Nadella has not been that kind of CEO.

A 5’11”, cricket-loving engineer from Hyderabad, India, Nadella had built a reputation as a mild-mannered manager who spends his free time taking online classes on neuroscience and reading poetry. He had become CEO of the world’s fourth most valuable company, but the Microsoft he inherited was a far cry from the one he had joined in 1992.

For one thing, Microsoft had just paid $7.2 billion to acquire Nokia’s mobile business, a deal Nadella had voted against as a member of the senior leadership team because, as he explains in his autobiography, he “did not get why the world needed the third ecosystem in phones.” The Windows phone had a mere 4% market share, sipping on the dregs left over from Apple and Google.

But on that day in March, Nadella was not thinking about how to integrate Nokia’s 33,000 employees into his team. He was about to make an announcement that would set a precedent for his tenure as CEO.

Microsoft was going to release a version of its signature software suite—Microsoft Office—on the iPad, bucking Microsoft’s reputation for not collaborating with rivals. (As the keynote speaker at Salesforce’s Dreamforce conference two years later, Nadella used an iPhone during a product demo, a sight that would’ve been unimaginable in the Ballmer era.)

For this announcement, though, there was not much pomp and circumstance. The company rented out a small room in a San Francisco event space. It was an intimate setting, filled mostly with journalists and a few Microsoft employees. There Nadella was in the heart of Silicon Valley, in his first public appearance as CEO, about to start a partnership with one of his company’s sworn enemies.

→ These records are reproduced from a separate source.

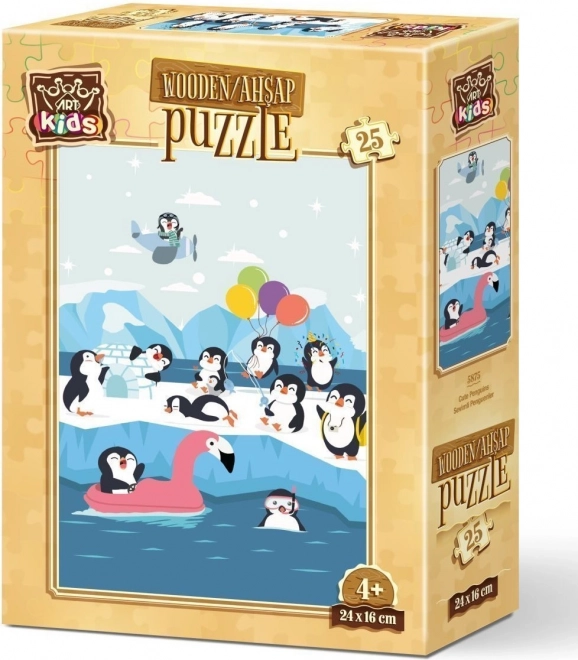 Drevené puzzle roztomilé tučniaky 25 dielikov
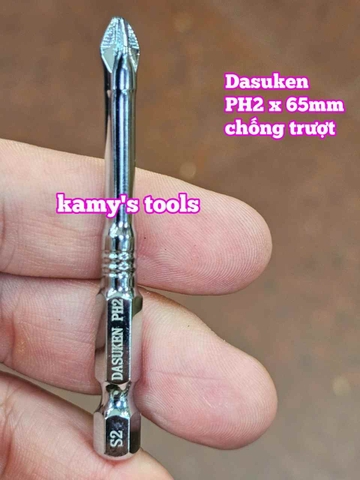 Đầu mũi bắn vít bake PH2 dài 65mm chống trượt Dasuken DSK-NS0265 (bán lẻ 1 cây)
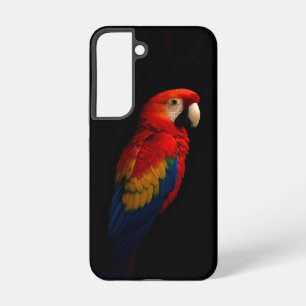 Coque Samsung Galaxy Black 4 Luxe Galaxy S22 Coque, Parrot écarlate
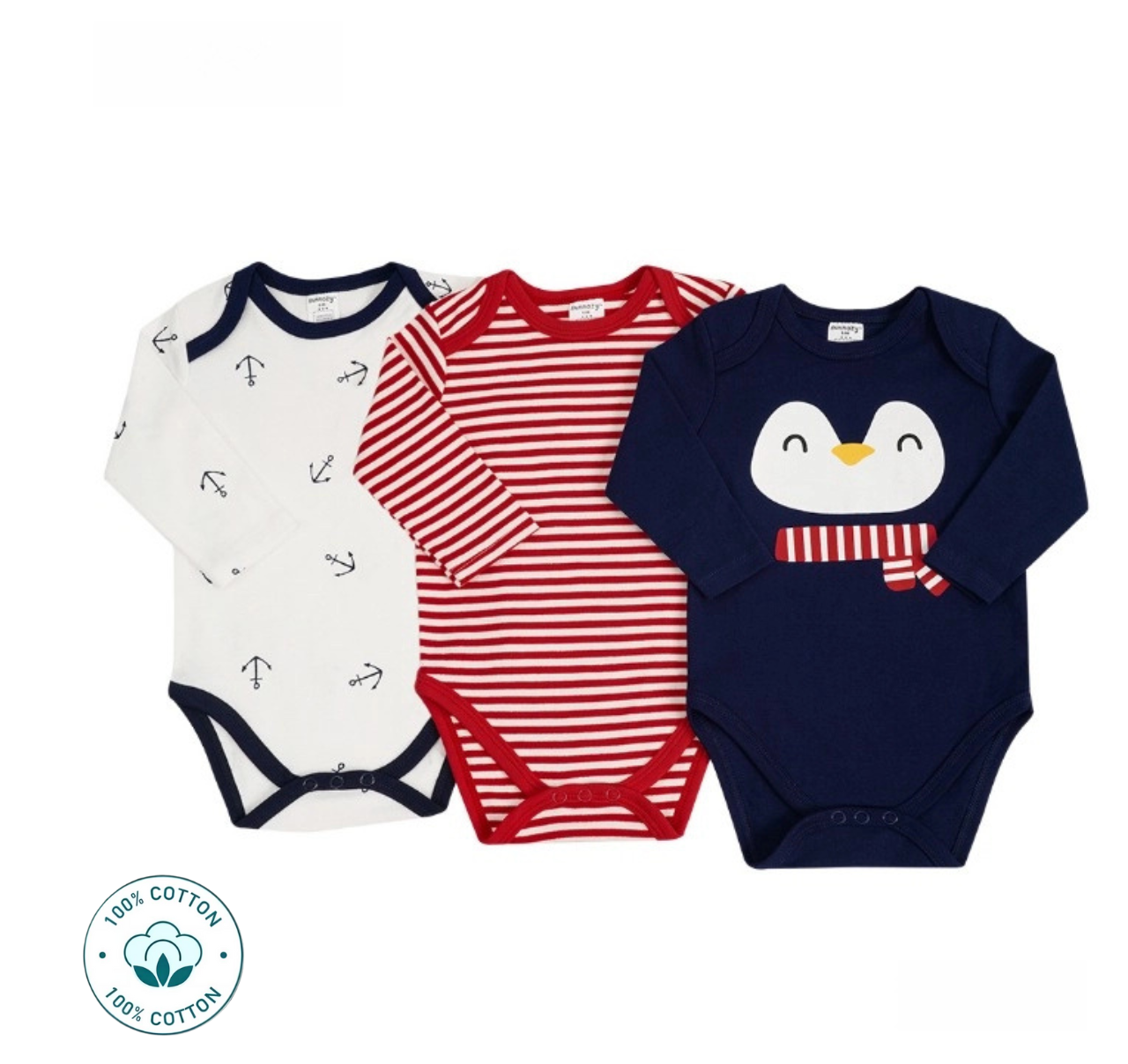 Newborn 3-Piece Baby Long Sleeve Bodysuit Set – Penguin and Nautical Theme (Newborn – 9 M)
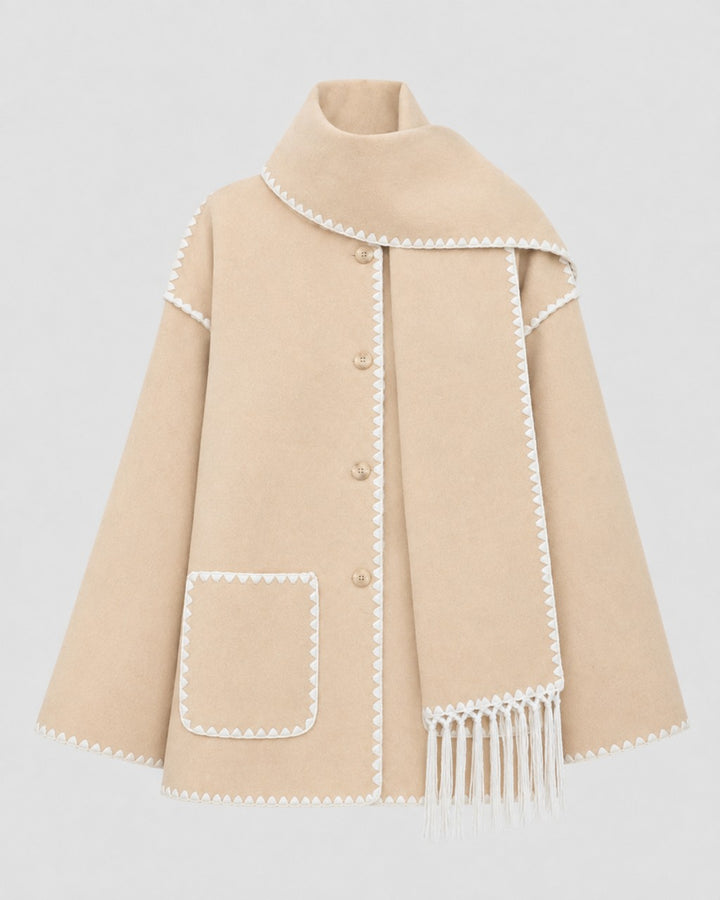 Cappotto con Sciarpa e Bordi Ricamati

However, on the morning of the event, Nadella and his team were not worried about what he was about to say. They were worried about where he was going to say it.

The room was set up with a two-meter tall stage from which Nadella could speak down to the audience. But Nadella and his team didn’t want to send the message that he was a supreme ruler, bestowing the plebeians with his presence. Before he spoke, he wanted to shorten the stage.

Shortening the stage has become an apt metaphor for Nadella’s tenure as Microsoft’s chief executive. He has, by and large, shifted the spotlight away from the pulpit and onto the masses. Since taking over as CEO five years ago this February, Microsoft’s share price has tripled. Last November, its market capitalization briefly passed Apple’s, temporarily making Microsoft the most valuable company in the world.

The company has made notable acquisitions of the popular game Minecraft, the developer platform Github, and the social network LinkedIn. And it has successfully repositioned itself—going from a “devices and services” company to a “mobile and cloud” company.

But if you ask Nadella how he reinvented Microsoft in half a decade, he won’t talk about the cloud computing or the billion-dollar acquisitions. For him, changing the direction of a ship carrying 130,000 employees could only be done by changing the culture on board.